Fidelity Deposit Company of Maryland, surety on the bond of Margaret B. Perkins, American Surety Company, surety on the bond of A. M. Boyte, and Jessie B. Cowan, as administratrix de bonis non, are made parties defendant.
At common law, if an administrator committed a devastavit, his administrator, upon his death, was not liable at law. It was regarded at law as a personal tort which did not survive. It resulted that his administrator could not be required to settle the former administration in the orphans' court. The remedy was in equity. Gray v. Jenkins, 24 Ala. 516; Taliferro v. Bassett, 3 Ala. 670; Snedicor v. Carnes, 8 Ala. 655. This led to the act of 1845, brought down to us as section 5925, Code of 1923. The statute gives jurisdiction of such settlement to the probate court, and makes it the duty of the administrator of the estate of the deceased administrator to make settlement of the former administration. A decree is rendered in favor of the administrator de bonis non of the original estate. Code 1923, § 5927.

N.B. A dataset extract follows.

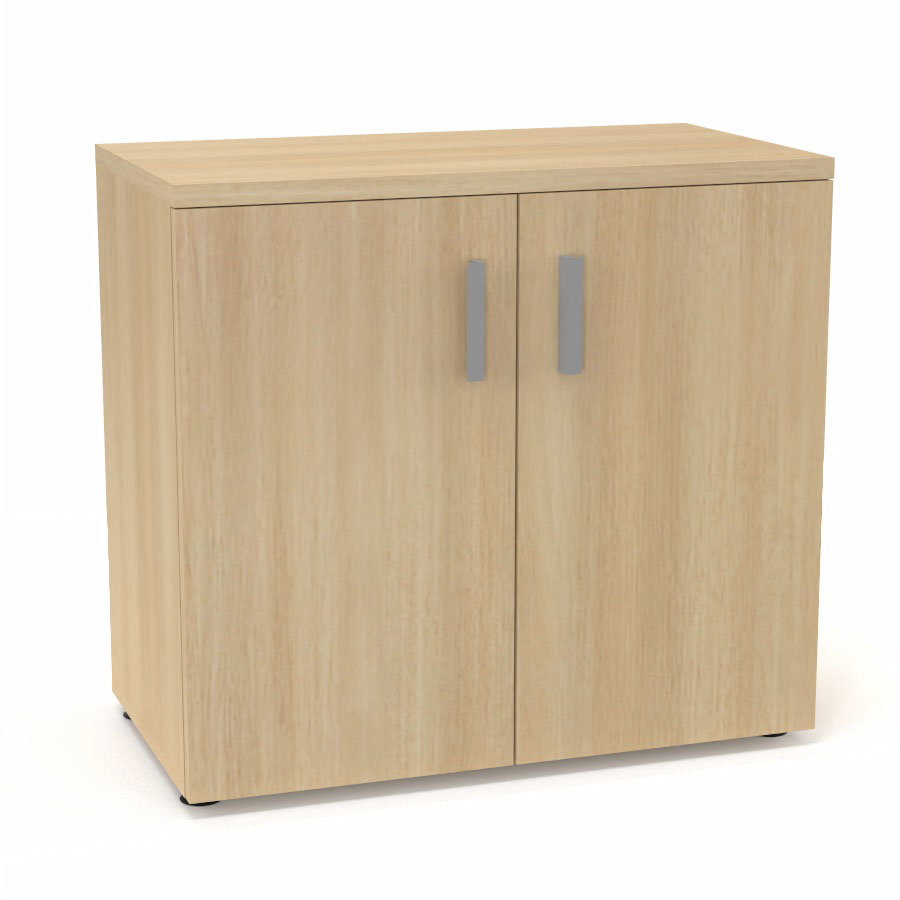 Armoire mlamine Armand 1 tablette H. 73,5 x L. 80 x P. 43,2 cm corps d'armoire finition mlamine chne clair avec 2 portes soft-closing et top mlamine chne clair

But the decree so rendered does not conclude nor in any way bind the surety of the deceased administrator. He became bound for the faithful administration of the trust by his principal, and a decree against the principal on final settlement by him concludes the surety, but there is no privity between such surety and the administrator of his principal. The surety has not contracted for his faithful performance, and is not bound by his acts. Neither can an action at law be maintained against the surety for a devastavit by the deceased administrator. The remedy is by accounting in equity against the surety, whose liability accrues upon the death of the administrator. U.S. Fidelity Guaranty Co. v. Pittman, 183 Ala. 603, 62 So. 784; Street v. Henry, 124 Ala. 153, 27 So. 411; Martin v. Ellerbe, 70 Ala. 326; Stallworth v. Farnham, 64 Ala. 259; Page v. Bartlett, 101 Ala. 193, 13 So. 768; Glass v. Woolf, 82 Ala. 281, 3 So. 11; Fretwell v. McLemore, 52 Ala. 124; Gray v. Jenkins, 24 Ala. 516; Presley v. Weakley, 135 Ala. 517, 33 So. 434, 93 Am. St. Rep. 39.

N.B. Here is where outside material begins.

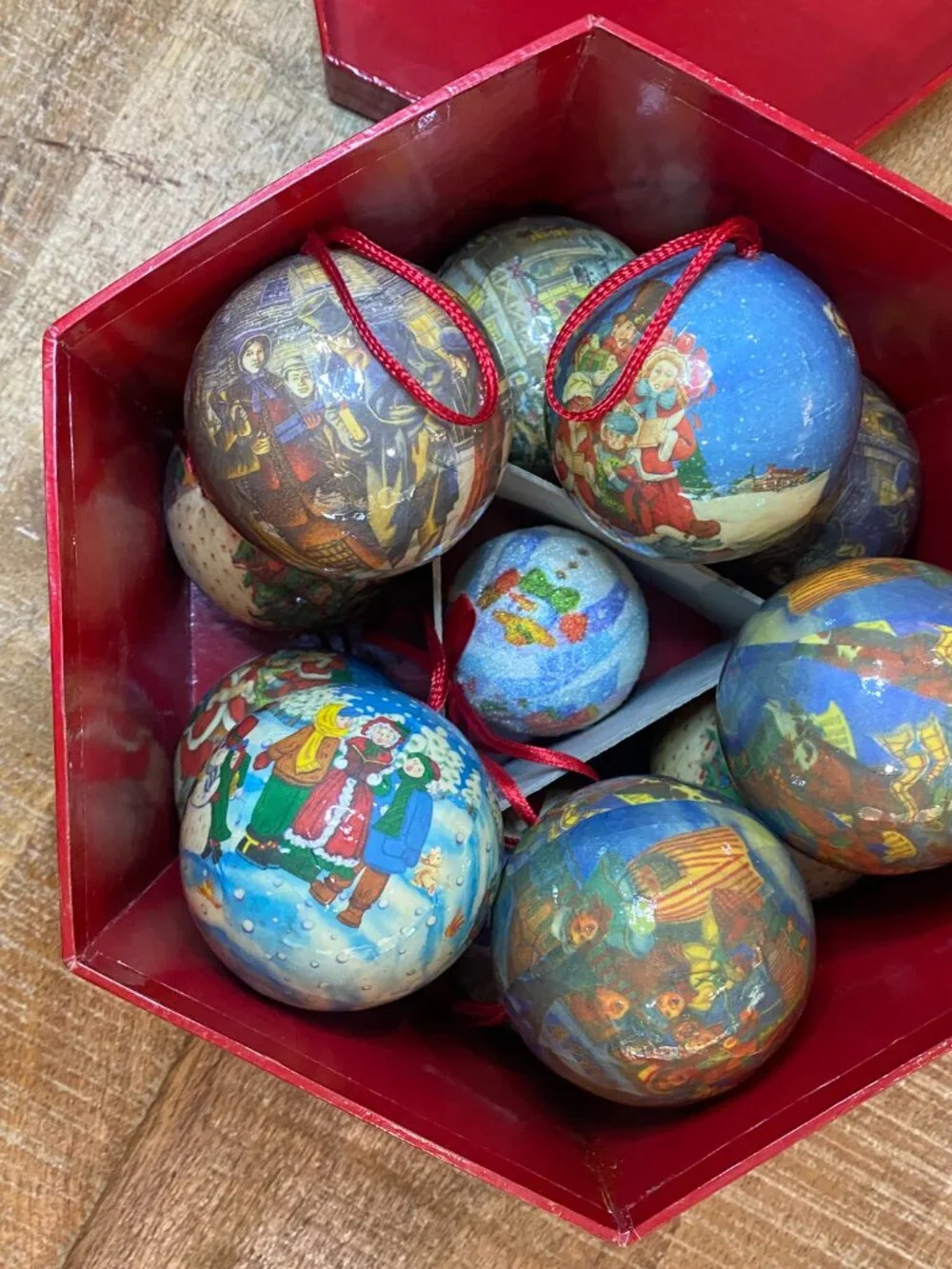 JCPenney Christmas Collectibles Paper Ball Ornaments Set 9 Victorian Scenes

It is suggested in argument for Fidelity Deposit Company of Maryland that complainant had an adequate remedy at law under section 5937, Code of 1923, authorizing the administrator de bonis non to call the surety of the deceased administrator to account in the probate court. That section is part of the act of March 8, 1915 (Gen. Acts, p. 138). This act is codified as sections 5935 to 5939, inclusive. By section 1 of the act (Code, § 5935), it is limited to cases wherein there is no personal representative of the estate of the deceased administrator.
Nothing appears in the statute indicating a purpose to modify or repeal Code, § 5925, requiring the settlement to be made by the personal representative of the deceased administrator, if there is one. Neither does it contemplate separate proceedings in the probate court, one against the administrator, and another against the sureties. This is made manifest by section 2 of the act (Code, § 5936), providing that, should an administrator be appointed pending the settlement by the sureties, he should be made a party. If a like provision was made for bringing in the surety on a settlement by the administrator under section 5925, then both would be bound by the decree rendered. But no such provision is made, and the long-settled rule that the surety of the deceased administrator is not bound by the decree rendered against the administrator of the deceased administrator's estate still prevails.
It may be added that, if section 5937 be construed as extending to the case before us, such statutes have never been held in this state to oust the general jurisdiction of courts of equity to settle estates of decedents.
Dealing with the insistence that an adequate remedy existed by issuing of execution on the decree against A. M. Boyte, administrator, it is sufficient to say that by directions of this court the probate decree declared no execution should issue thereon, but the decree should stand as a valid allowed claim against the estate of Margaret B. Perkins, deceased. Boyte v. Perkins, 211 Ala. 130, 99 So. 652. There is no occasion here to review the ground upon which the decree was so entered. In any event, it denies the relief by execution as contended. It is not meant here to question the ruling of this court in Boyte v. Perkins, supra. It is based upon a construction of our statutory system as a whole touching the administration of estates. As pointed out in Boyte v. Perkins, the statutory provisions for enforcement of decrees in the probate court on final settlement are inapplicable to a decree of this kind. Neither are those providing for collection of judgments at law recovered against the estate of a decedent for debts incurred in his lifetime, unless some provision be made to stay execution in case the settlement is made as the statute requires within six months after the grant of letters. Otherwise the entire estate of the deceased administrator may be consumed before other creditors of his estate have presented their claims, and, in case of insufficiency of assets to pay the decree, authorize execution against the administrator personally before the time has arrived for him to ascertain the solvency or insolvency of the estate.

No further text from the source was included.